Munch’s diaries and other notes of record indicate he and some friends were walking along a road near the water’s edge on a November evening in 1883.  When the sun set that night, it turned the sky a bloody red.  Already in a frail mental state, Munch froze, paralyzed with fear, while his friends continued on, apparently oblivious to the scene at hand.  What did Edvard Munch actually see, that would have such a profound effect on him?  Many theories are out there, but physicists Don Olson and Russell Doescher, along with English professor Marilyn Olson believe Munch witnessed the aftermath of a once in a lifetime event.

Earlier that year in May, halfway around the world on the island of Krakatoa, off the coast of Indonesia, a volcano began to vent from the pressure built up inside, resulting in activity on and off again for the next three months.  Finally, over a period of a couple of days in late August of 1883, two-thirds of the island were blown apart by the massive volcanic explosions, which were heard as far away as Australia.  The extreme force actually burst the eardrums of some nearby sailors, and the ash plume was reported to have risen as high as over 15 miles into the atmosphere.  The death toll was massive in the surrounding areas, due to the explosions as well as the resulting tsunamis.

The global aftereffects would last for many years.  Temperatures were colder than normal and by November, reports surfaced from New York, Norway, and much of the Northern Hemisphere regarding the magnificent, even spooky at times, sunsets.  The descriptions ranged from “blood-red”, to “alive with color” to “the sky is on fire”.  Many artists were inclined to paint the phenomenon happening daily around them.  Some art scholars have been quick to say that Munch did not paint this event, however, Munch himself recollected that it was an image he would never forget, saying it even drove him mad trying to record it in paint.  Did he or didn’t he paint the sky from life?  Did he ever even know of the Krakatoa eruption?  Munch wrote that he tried feverishly for years to paint his recollection of the evening stroll with his friends, which may explain why there are at least four versions of it and why they were painted so quickly that some of the cardboard even shows through the paint.
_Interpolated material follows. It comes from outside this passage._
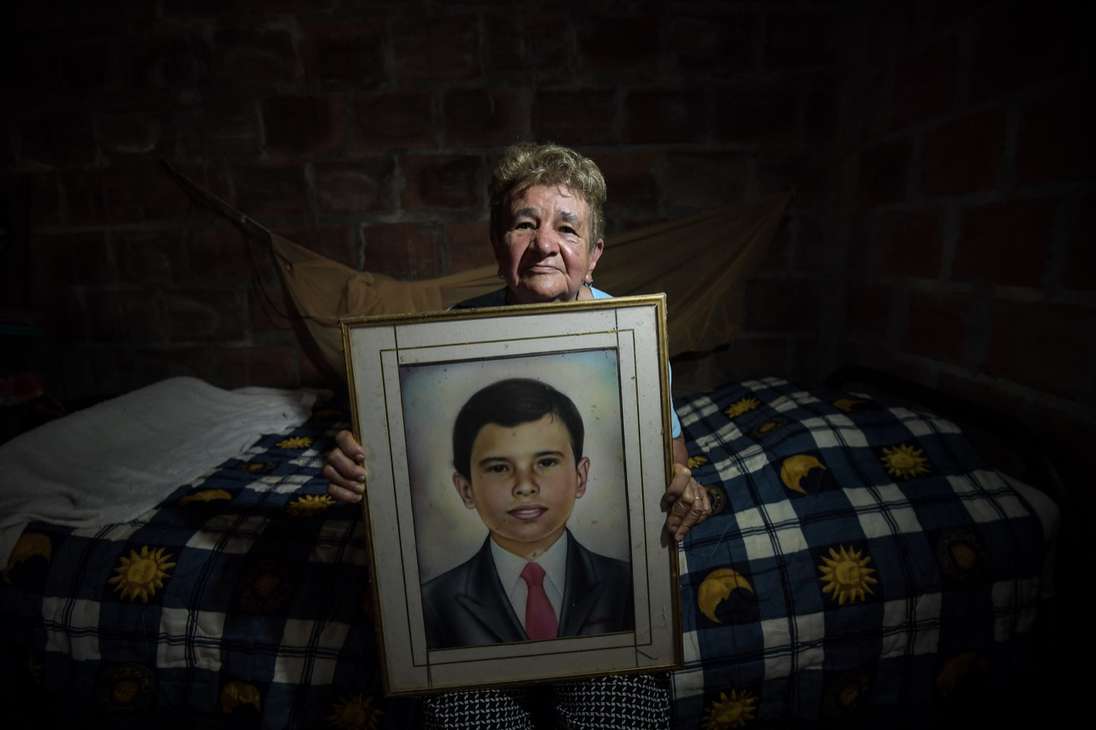 Doña Blanca vive en el municipio de Calamar (Guaviare). Recuerda que en 2011 dos de sus hijos salieron a comprar una regalo para una quinceañera, y no los volvió a ver. Uno de ellos está ilustrado en el cuadro que sostiene en sus manos.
The final difference that makes “The Scream” stand out from the rest of  the images of ‘The Frieze’, is its popularity.  “The Scream” has been transformed into one of the most iconic images in the world.  It has appeared on nearly everything, from magazine covers and magnets to key chains, posters, and greeting cards, etc.  Even full-sized Halloween masks are replicas of the central figure in the painting.  What makes this painting so popular?  Do people connect with the artist or the image?  Do they feel the despair and confusion that leaps out of the blood red sky?  One thing is for certain, this most likely was an incidence of art imitating life.

Footnote:  While researching Edvard Munch and “The Scream”, I literally stumbled upon a book by Edward Dolnick titled, “The Rescue Artist” (copyright 2005, Harper Collins).  I was aware of course of “The Scream” and Munch, but this book enlightened me even more about the two subjects.  It is here that I found out how Munch came to paint “The Scream”, which led to even further research on that issue alone.  The book is a true story about the 1994 theft of the actual painting from the National Gallery in Oslo, Norway.  If you enjoy reading about art, history, and cops and robbers, I think you will enjoy reading “The Rescue Artist“.